Exercise objective: Exactly the lines from the one containing "Silla De Comedor Laos ( Set X2 Unidades )" through the one containing "OshKosh B'gosh pink/floral" in the listing below are to be copied, with the pictures left out.

►

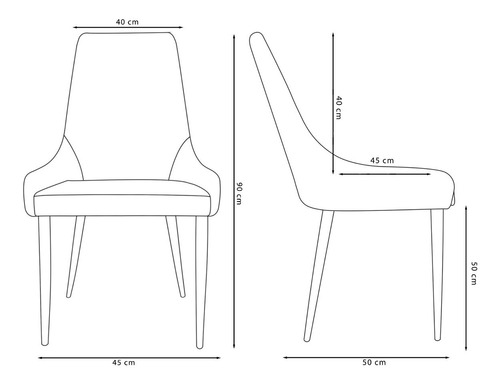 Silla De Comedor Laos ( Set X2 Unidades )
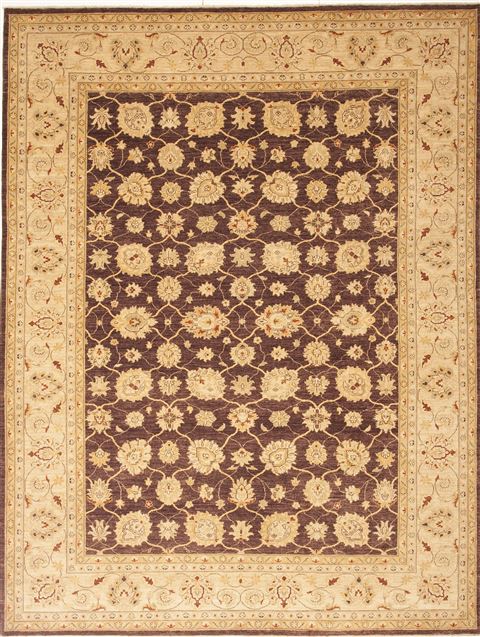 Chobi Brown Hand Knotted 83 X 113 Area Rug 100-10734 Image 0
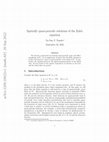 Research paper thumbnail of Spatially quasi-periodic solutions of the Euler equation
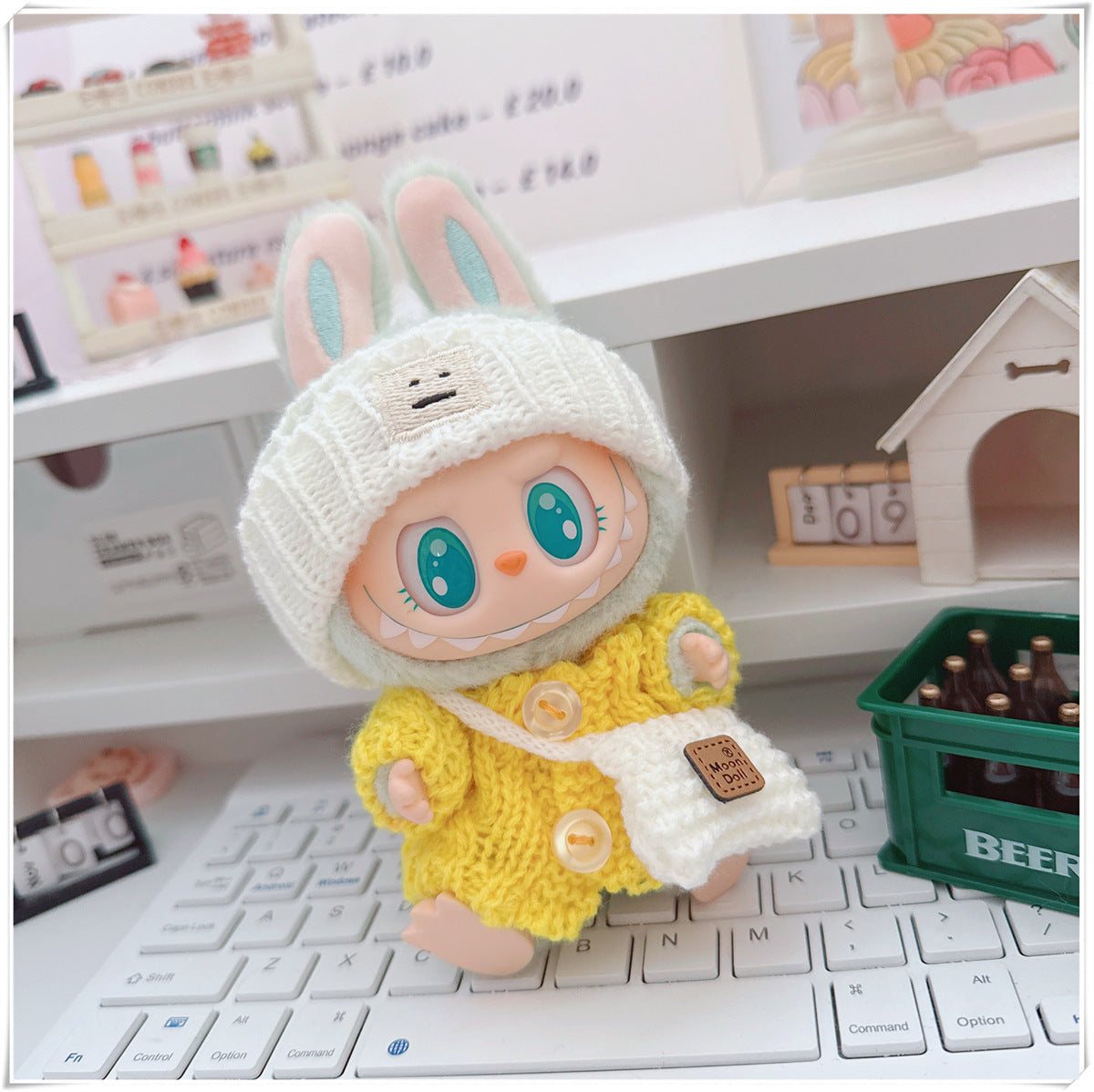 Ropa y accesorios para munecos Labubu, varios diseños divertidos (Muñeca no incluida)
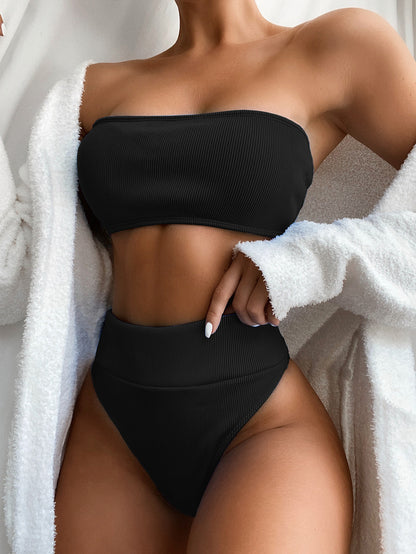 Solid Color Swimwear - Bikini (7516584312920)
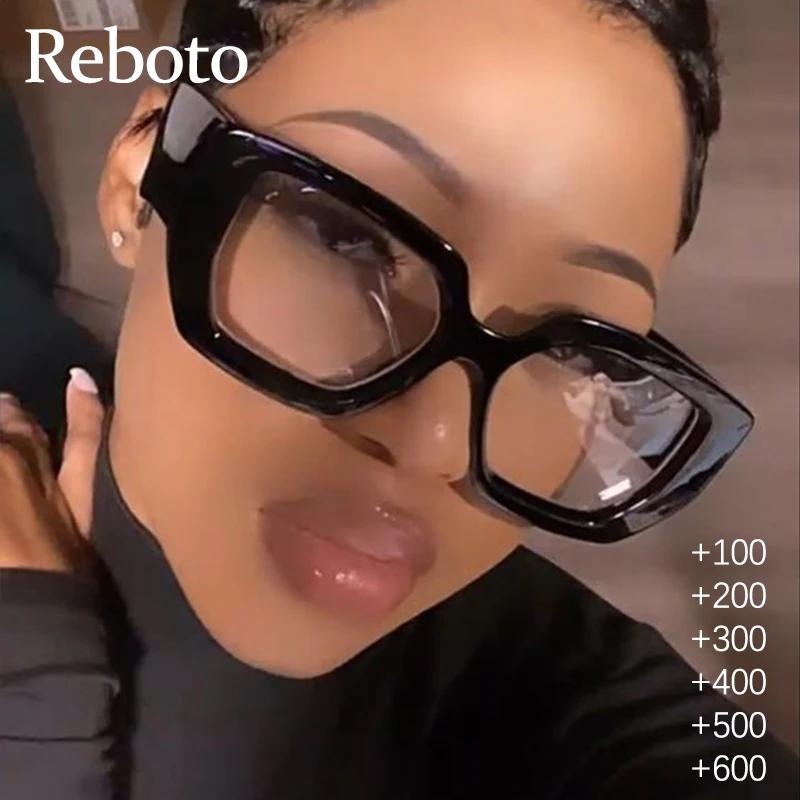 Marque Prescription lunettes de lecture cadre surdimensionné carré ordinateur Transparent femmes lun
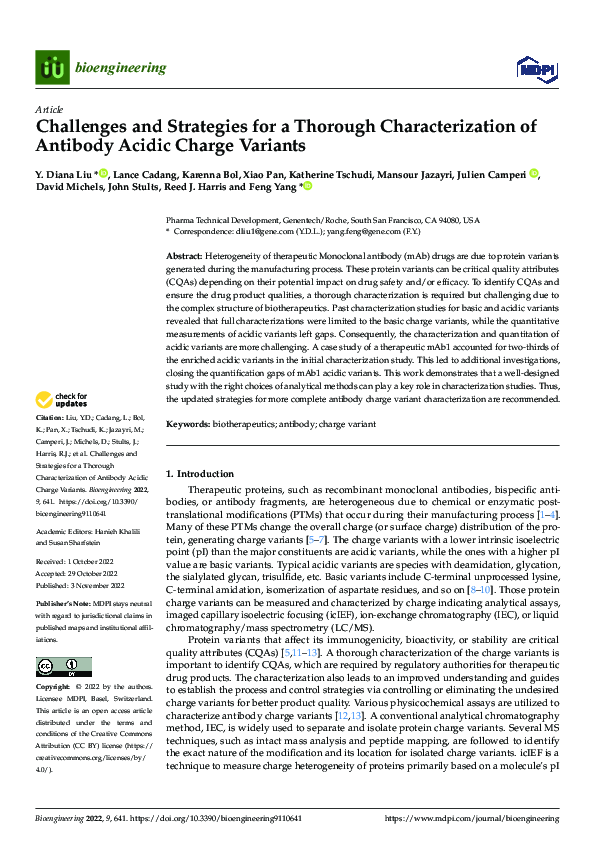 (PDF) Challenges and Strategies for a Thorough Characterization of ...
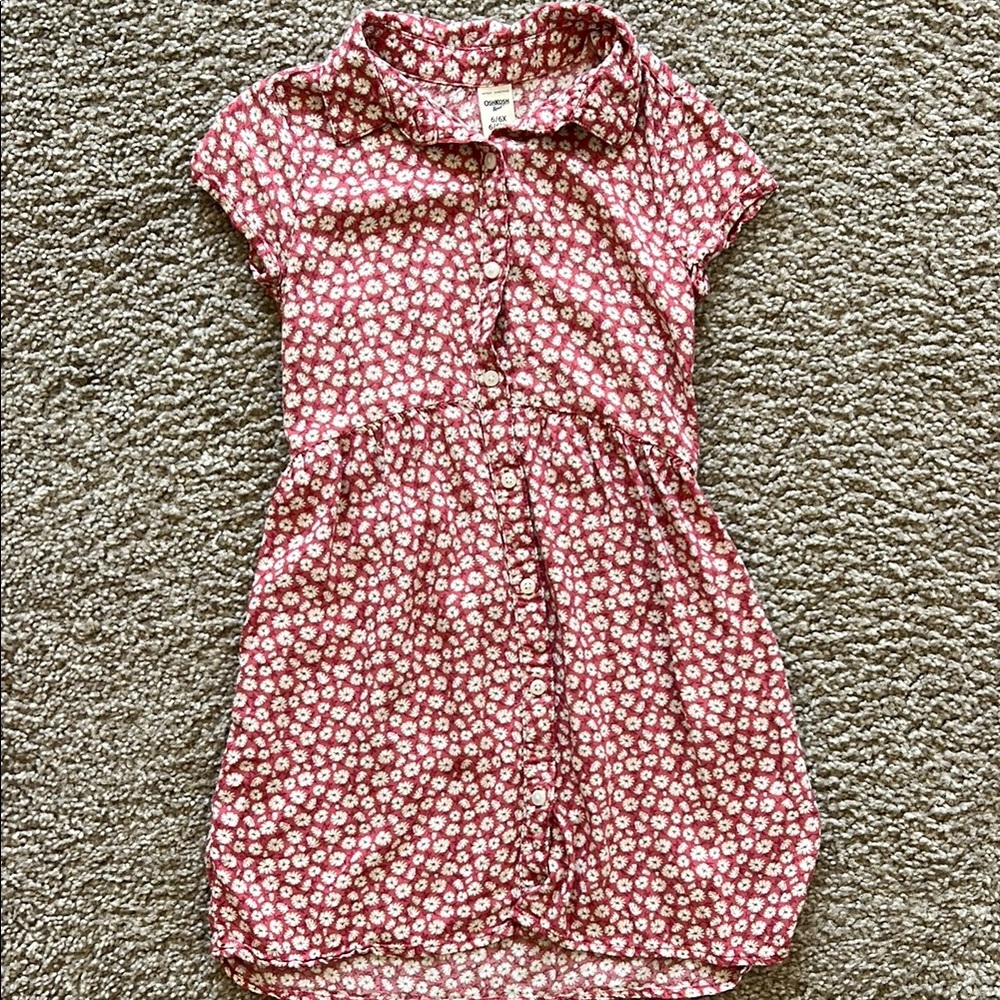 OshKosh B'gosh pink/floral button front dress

◄
►

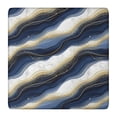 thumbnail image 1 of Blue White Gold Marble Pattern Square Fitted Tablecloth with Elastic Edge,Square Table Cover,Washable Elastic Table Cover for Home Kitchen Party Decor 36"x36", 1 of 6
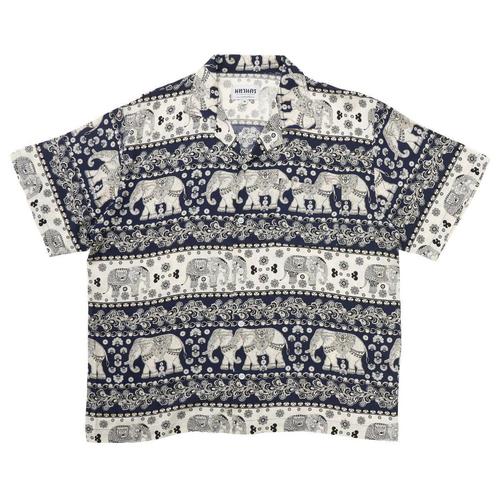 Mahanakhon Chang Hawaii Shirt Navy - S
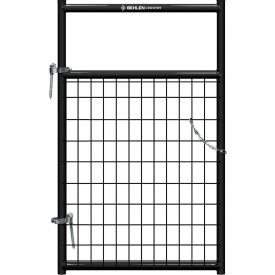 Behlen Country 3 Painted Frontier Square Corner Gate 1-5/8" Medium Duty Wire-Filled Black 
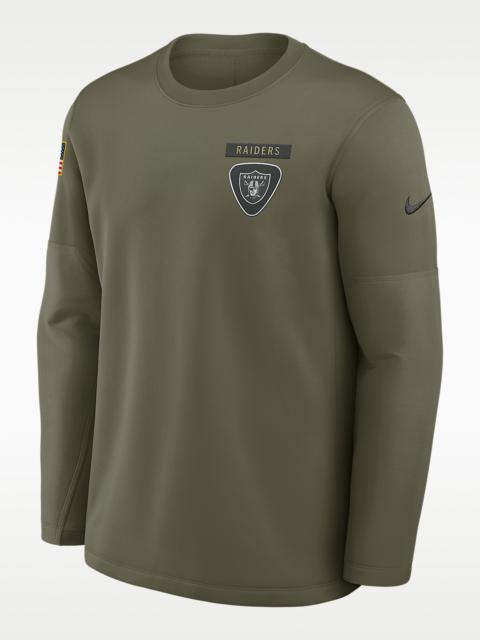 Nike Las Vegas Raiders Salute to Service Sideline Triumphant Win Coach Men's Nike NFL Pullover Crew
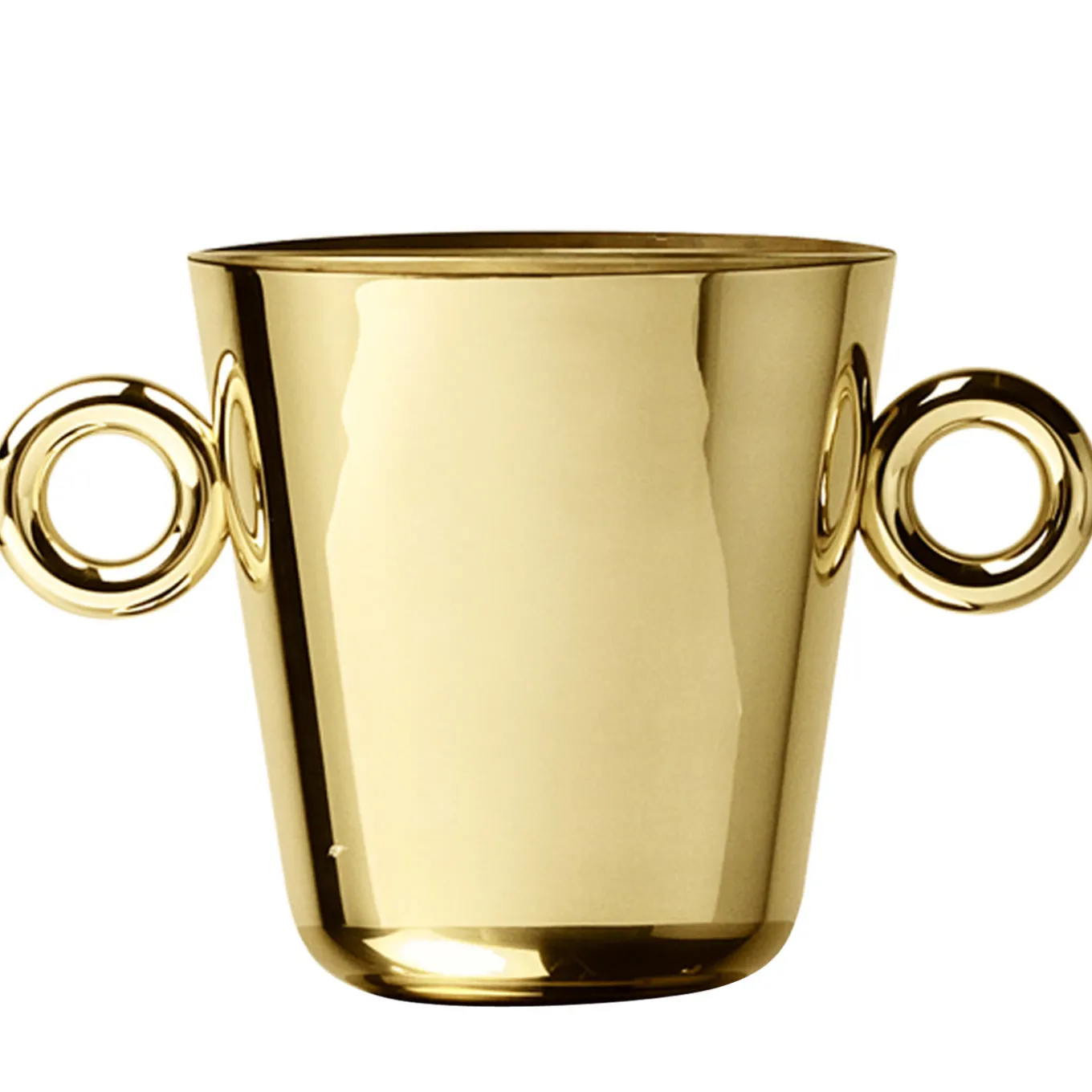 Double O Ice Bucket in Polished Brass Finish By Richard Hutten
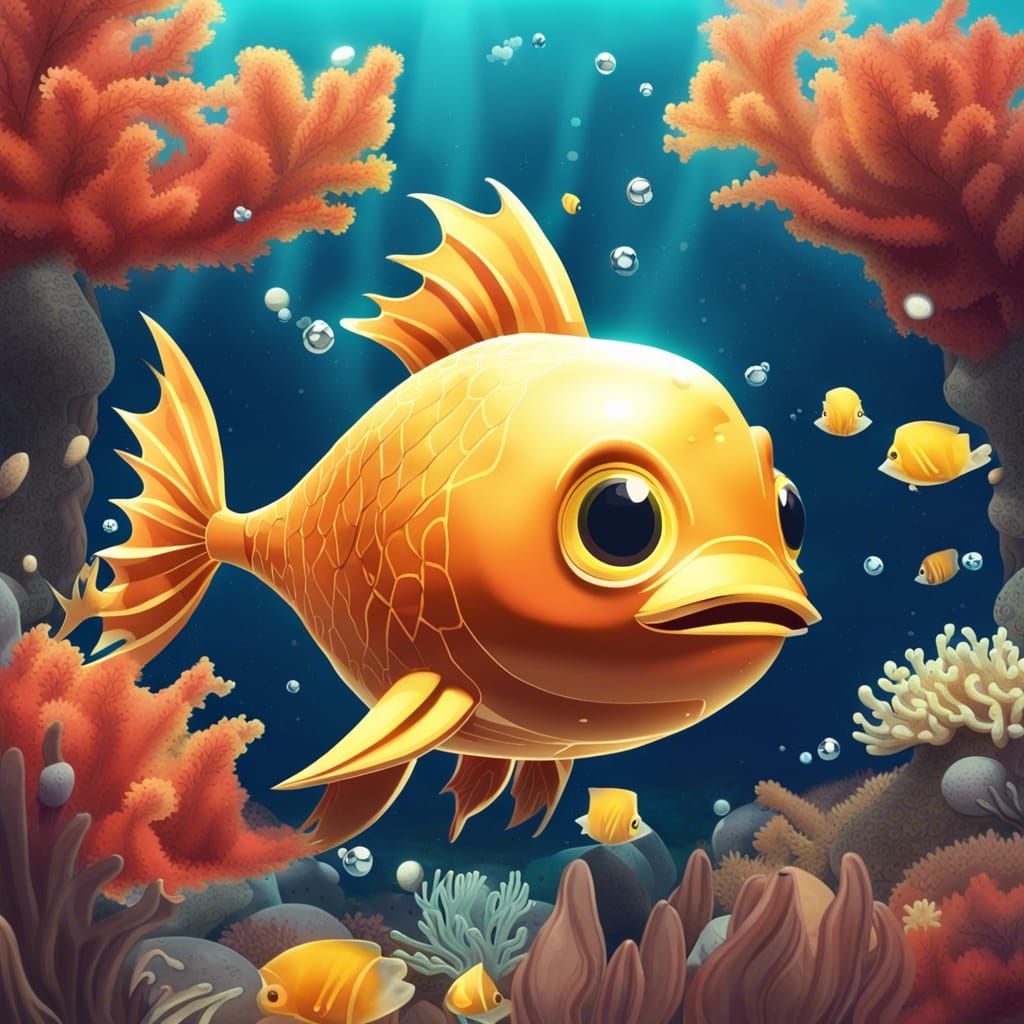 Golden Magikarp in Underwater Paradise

◄

Task answer:
 Silla De Comedor Laos ( Set X2 Unidades )
 Chobi Brown Hand Knotted 83 X 113 Area Rug 100-10734 Image 0
 Research paper thumbnail of Spatially quasi-periodic solutions of the Euler equation
 Ropa y accesorios para munecos Labubu, varios diseños divertidos (Muñeca no incluida)
 Solid Color Swimwear - Bikini (7516584312920)
 Marque Prescription lunettes de lecture cadre surdimensionné carré ordinateur Transparent femmes lun
 (PDF) Challenges and Strategies for a Thorough Characterization of ...
 OshKosh B'gosh pink/floral button front dress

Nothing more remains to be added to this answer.